A word synonymous with Cape Town and its annual minstrel carnival, Goema is derived from the beat played on the Goema drum and many would say it is to Cape Town what Samba is to Brazil. The Goema beat is influenced both by the Khoi and the slaves from South Asia and Africa, both of whom had influence on Cape Town in the past. It also bears a similarity to a beat found in Kerala in southern India, though Goema has a distinct African texture.
The documentary Mama Goema: The Cape Town Beat in Five Movements which screened recently at the Tri Continental Film Festival, endeavours to tell the story of Goema in an all-inclusive narrative which posits the sound as a product of the Cape Town potjie, a brew as old as Cape Town itself.
What is made clear from the outset is that the potjie is constantly being stirred, with new flavours added as the city evolves.

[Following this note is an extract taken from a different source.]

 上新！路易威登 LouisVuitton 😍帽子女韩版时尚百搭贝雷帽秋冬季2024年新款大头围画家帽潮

The Carnival is without doubt the oldest and most recognizable manifestation with its roots in the history of slavery and colonialism in the Cape. The film however is directed more toward more recent mutations including the Cape Jazz avant-garde led by the eminent pianist Kyle Shepherd and the orchestral experimentation of “Goema Captain” Mac McKenzie.

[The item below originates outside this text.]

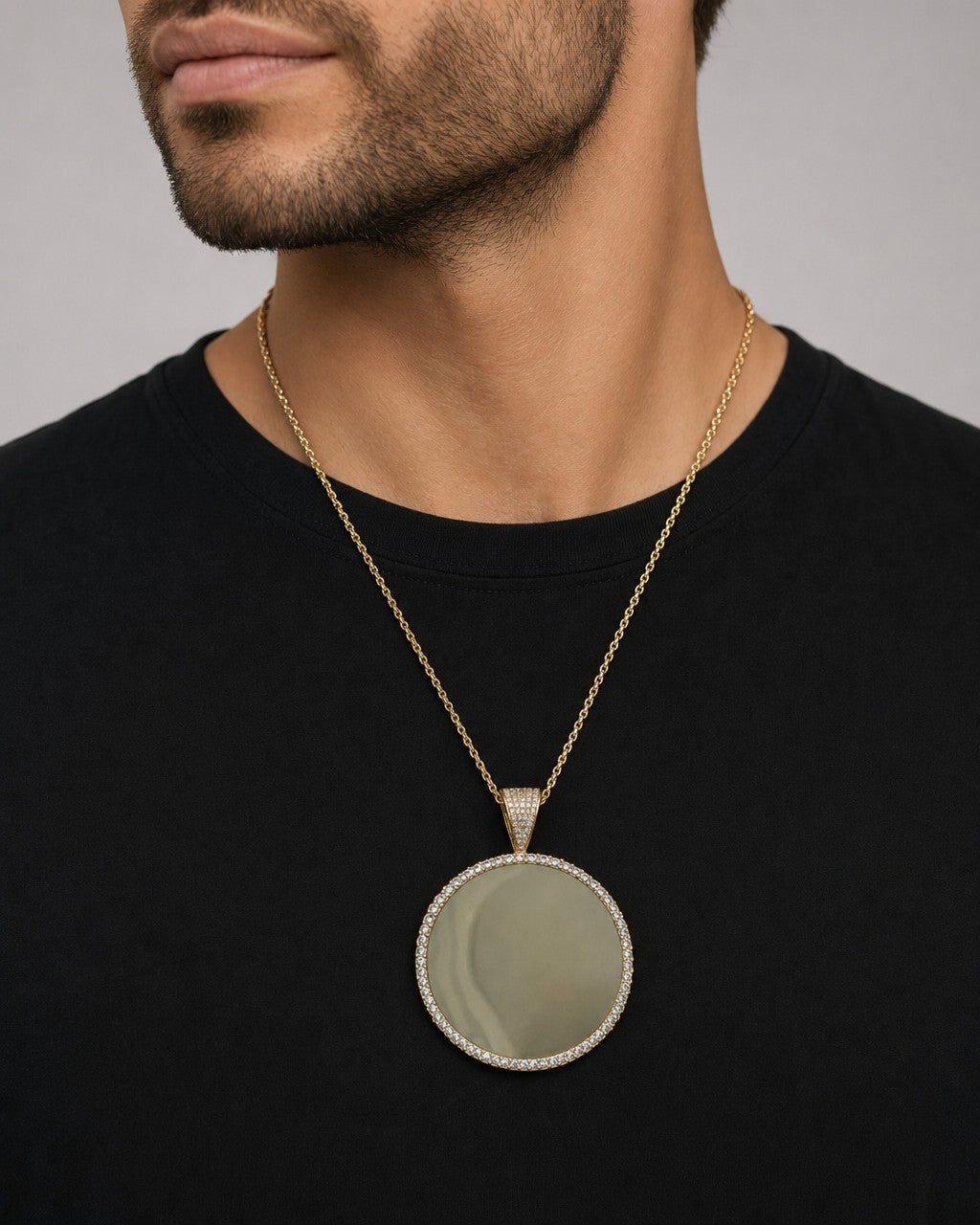 Male model wearing 14K Round Picture Pendant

The film is divided into five chapters with mini-narratives that are both visually and thematically strong. A host of music commentators including Neo Muyanga and Ian Harris enrich the theorising of Goema as both a traditional beat and an evolving form. Songstress Ernestine Deane even claims to be “living a Goema life”.

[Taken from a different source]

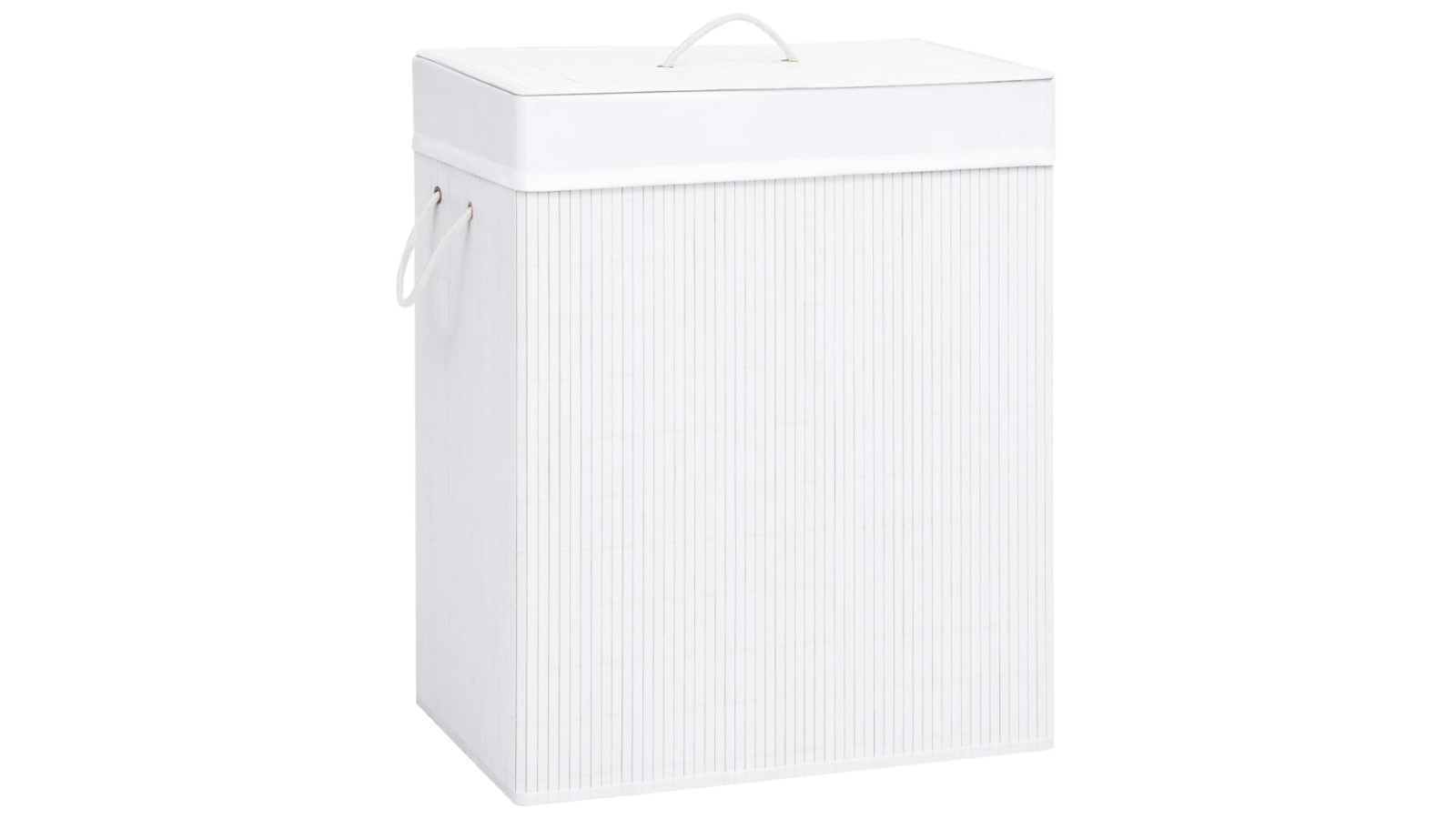 vidaXL White 100 Litre Bamboo Laundry Basket with 2-Section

The highlight of the film comes with the nod to The Genuines, a little known 80’s Goema-rock band started by Mac McKenzie and Hilton Schilder who used the platform of rock music to push political agendas during the height of Apartheid. Their driving track ‘Struggle’ is a prime example of how rock helped the Goema beat to infiltrate the mainstream.
Yet where is Goema today? The inroads made by The Genuines and a generation of musicians such Robbie Jansen and Abdullah Ibrahim have not translated into the growth of appreciative audiences as might have been expected. Unlike the music of Sergio Mendes and Tom Jobim which established Samba and Bossa Nova as quintessential Brazillian sounds, there is no consensus of Goema being the sound of Cape Town.
Yet there is still a strong following. The Q&A discussion following the screening of the film was dominated by none other than Mac Mckenzie and resembled a strategic planning session as the audience engaged ideas on how to promote Goema beyond the documentary. Conceding that it is still a grass-roots movement, directors Angela Ramirez, Calum MacNaughton and Sara Gouveia described the need to develop a Goema lexicon – a way of speaking about this music which fosters acceptance. That Goema stalwart McKenzie was handing out flyers for his next gig is a testament to how far this story still needs to go.
What Mama Goema confirms are the vast kists of knowledge which are yet to be properly unpacked and acknowledged in South Africa. As much as Mama Goema is a celebration it is also a reminder of a musical knowledge that has been alienated from the various communities who have influenced it. The film is therefore also an important historical document and a must see for all who call this beautiful city home.
Mama Goema can be seen during the Tri-Continental Film Festival at the Cinema Nouveau in the Waterfront, 16 – 23 September.